Immigration reform is a topic of local, state, and national concern, but why would the Simpson Institute have particular interest in this topic? The namesake of the Alan K. Simpson Institute for Western Politics and Leadership was once at the forefront of the immigration debate. Almost thirty years have passed since the Simpson-Mazzoli Immigration Reform and Control Act was passed in 1986 in order to stem the tide of illegal immigration. Former Wyoming Republican Senator Alan Simpson co-sponsored the legislation together with Democratic Rep. Romano Mazzoli from Kentucky.
Neither lawmaker was a natural fit since this issue little affected their constituents, they were plunged into a position of leadership as chairs of their respective immigration subcommittees. Nevertheless, Senator Simpson had a passion for the issue. He recalled in a March 2014 Daily Beast interview that, as a young lawyer, he saw Hispanic workers flown into Park County, Wyoming to pick sugar beets. They were called “braceros” and by 1964, when an excess of “illegal” agricultural workers occurred, “Operation Wetback” deported them. Simpson recollects, “I helped a lot of them when they were screwed by car dealers, things like that.”
According to Simpson and Mazzoli, the 1986 act had three “legs.” The two politicians noted in a 2006 reflective Washington Post piece, “We quickly realized that if immigration reform was to work and be fair it had to be a ‘three-legged stool.’ If one leg failed, so would the entire bill.” “Leg one” was improved security against illegal crossings at the Mexican border and, for the first time, penalties imposed on employers who knowingly hired undocumented workers. “Leg two” was the H-2A Visa temporary program for agricultural workers, designed to ensure wage and workplace protections and not to be another exploitative “bracero” program. “Leg three” was “legalization,” by allowing some, but not all, undocumented aliens then living and working in the U.S. to regularize their unlawful status and begin to earn permanent residency and citizenship.
What is the legacy of the Immigration Reform and Control Act?
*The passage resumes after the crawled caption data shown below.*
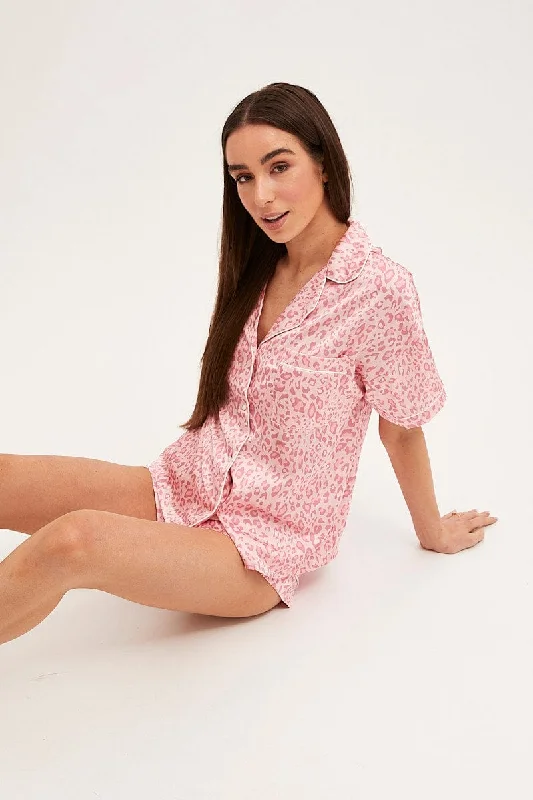 Pink Animal Print Pyjamas Set Short Sleeve Collared Shorts Satin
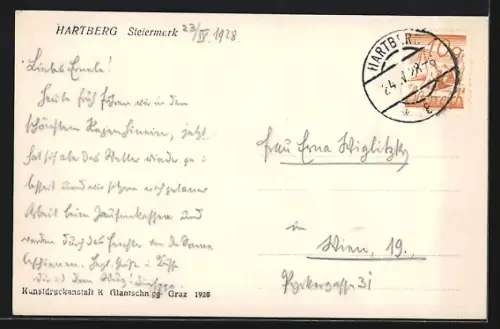 AK Hartberg /Steiermark, Ortsansicht mit Terrassenfeldern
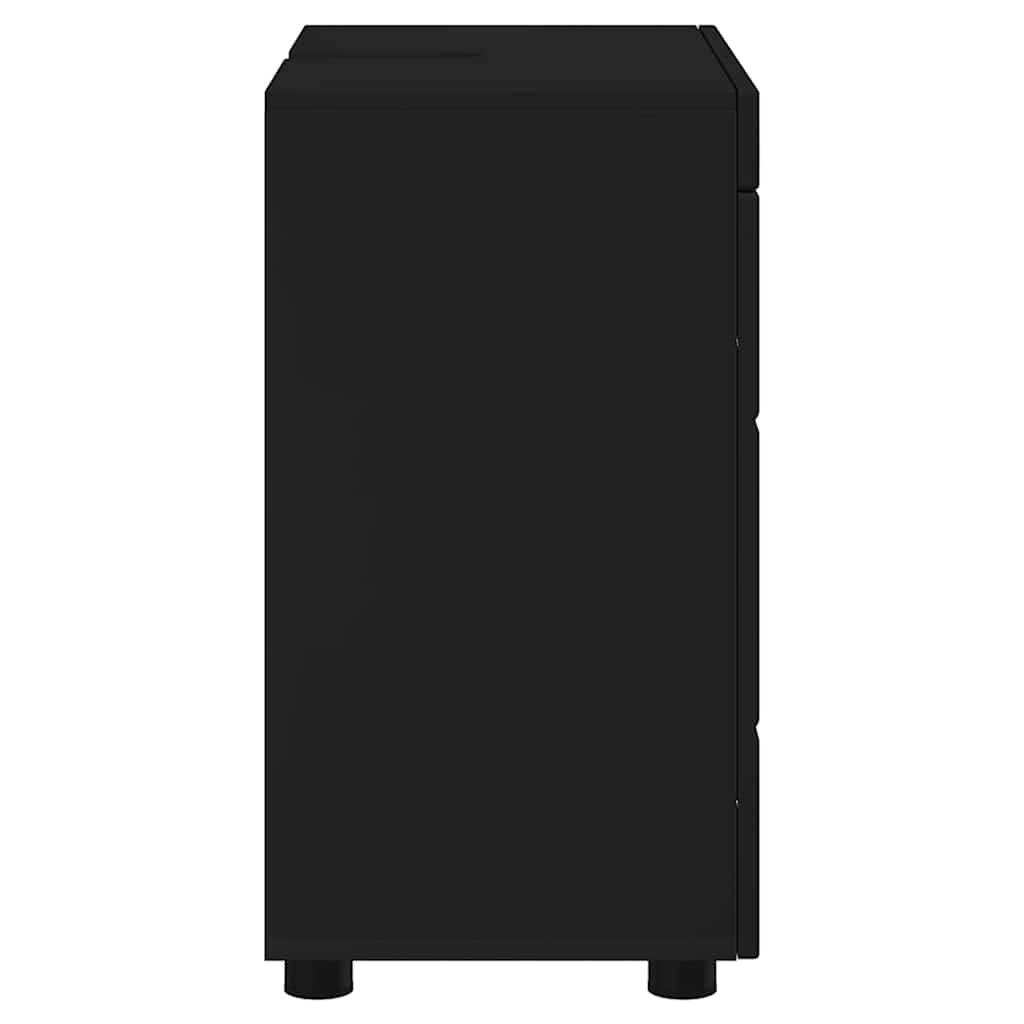 Badezimmer Waschbecken Schrank mit Tür Schwarz 60 x 34 x 63 cm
Results depend on the eye of the beholder. Thanks to the act, about 3 million formerly undocumented immigrants who had arrived in the U.S. before 1982 were granted residency and a chance for U.S. citizenship. But, instead of slowing the flow of people across the border, illegal immigration accelerated. According to Simpson, “The bill didn’t work because they took the guts out the night before.” This refers to a more secure “identifier system” for workers that received fervent opposition from both the left and the right, who labeled it a national ID card. The security measure was pulled from the bill, effectively killing the legislation. In the aftermath of the bill’s passage, there were raids as the federal government cracked down on employers that knowingly hired illegals, but enforcement lagged, and nothing really changed. “The real irony for me,” Simpson said in the Washington Post interview, “is that congressional Republicans are talking about retinal scans and fingerprints, and I haven’t seen a single article about a slippery slope to a national ID.”